The defense moved to dismiss under F.R.Civ.P. 41(b) for failure to prosecute. Counsel pointed out that they were prepared for trial, the witnesses were present in court, and that Anderson had received notice of the trial date. One witness had traveled from Arizona to be present at trial. The court was also advised that Anderson had filed a notice of appeal from a denial of his "Application For Permission To Seek Appellate Review."

Anderson had filed a document entitled "Ex Parte Application For Permission To Seek Appellate Review" with the district court on January 6, 1987. In these papers, Anderson informed the court that in a related case, Anderson v. Rockwell International, et. al., CV 84-3725-WJR(Px) ("Rockwell "), the magistrate had issued an order prohibiting him from "contacting ex parte any present or former employees of a corporate defendant during the pendency of litigation." Anderson stated that he was unsure whether the cases relied upon to support that order would control his trial preparation in the present case. He requested the district court in the present matter to declare that he had the right to contact ex parte any witnesses of defendant corporation without the presence of defendants' attorneys. Anderson suggested that this was not merely an "academic dilemma" but rather was necessary to his trial preparation. He claimed that Hughes' counsel allegedly stated that he would not assist Anderson in the production of witnesses for trial. Anderson failed to set forth any facts, however, showing that defense counsel had interfered with his right to contact any witness or threatened to do so. Further, no showing was made that defense counsel in this matter had sought a similar protective order.

On January 22, 1987, Anderson filed a separate paper styled as "Plaintiff's Second Ex Parte Application For Permission to Seek Appellate Review" in which he again requested a declaration that he could contact current or former employees of appellee Hughes Helicopters corporation. In support of this motion, Anderson argued that "[i]n view of the close cooperation and collaboration shown between opposing counsels, there is no reason to conclude that a (sic) identical protective order, sanctions and prohibitions upon calling of witnesses would not be sought and obtained in the instant case." The district court denied without comment Anderson's application for permission to seek appellate review on January 27, 1987. Anderson filed a notice of appeal from that ruling on February 3, 1987.

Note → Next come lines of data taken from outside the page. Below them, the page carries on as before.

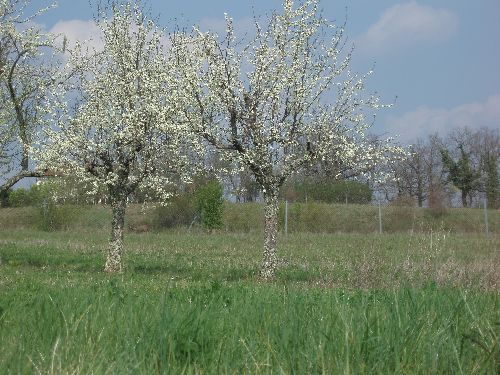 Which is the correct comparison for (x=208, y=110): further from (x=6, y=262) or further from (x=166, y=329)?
(x=166, y=329)

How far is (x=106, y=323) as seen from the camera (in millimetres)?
4121

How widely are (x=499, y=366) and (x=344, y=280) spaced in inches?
383

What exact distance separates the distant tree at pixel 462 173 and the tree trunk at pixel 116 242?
54.2 metres

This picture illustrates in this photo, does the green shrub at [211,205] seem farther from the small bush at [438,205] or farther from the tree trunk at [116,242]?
the tree trunk at [116,242]

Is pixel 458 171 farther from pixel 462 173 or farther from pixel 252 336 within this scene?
pixel 252 336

In support of the motion for dismissal for failure to prosecute, Hughes' counsel explained that the purported appeal was ineffective because it sought review of a non-appealable order. The January 27, 1987 order was not appealable because it was not a final order. 28 U.S.C. Sec. 1291. The order does not fall within the ambit of the collateral order exception of Sec. 1291. Because the court's order was tentative and could be reconsidered upon presentation of facts demonstrating interference by defense counsel, the order is unappealable. In Gulfstream Aerospace Corporation v. Mayacamas Corp., 108 S.Ct. 1133 (1988), the Supreme Court stated that tentative rulings that the trial court "ordinarily would expect to reassess and revise ... in response to events occurring 'in the ordinary course of litigation,' " id. at 1137 (citing Moses H. Cone Memorial Hospital v. Mercury Construction Corp., 460 U.S. 1, 13 n. 14 (1983)), are not within the collateral order exception.

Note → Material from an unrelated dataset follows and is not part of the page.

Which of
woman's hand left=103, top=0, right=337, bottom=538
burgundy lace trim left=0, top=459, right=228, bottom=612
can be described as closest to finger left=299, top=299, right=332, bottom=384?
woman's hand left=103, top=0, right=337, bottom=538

Hughes' attorney argued to the district court that under Ruby v. Secretary of the United States Navy, 365 F.2d 385, (9th Cir.1966) a district court retains jurisdiction where a notice of appeal has been filed from a non-appealable order.

The court then granted the motion to dismiss for failure to prosecute under Rule 41(b) after making the following statement:

I think your motion is well taken at this time. I have bent over backwards trying to keep Mr. Anderson in court, but I don't see that it's fair to the other parties and I have to be fair to everyone.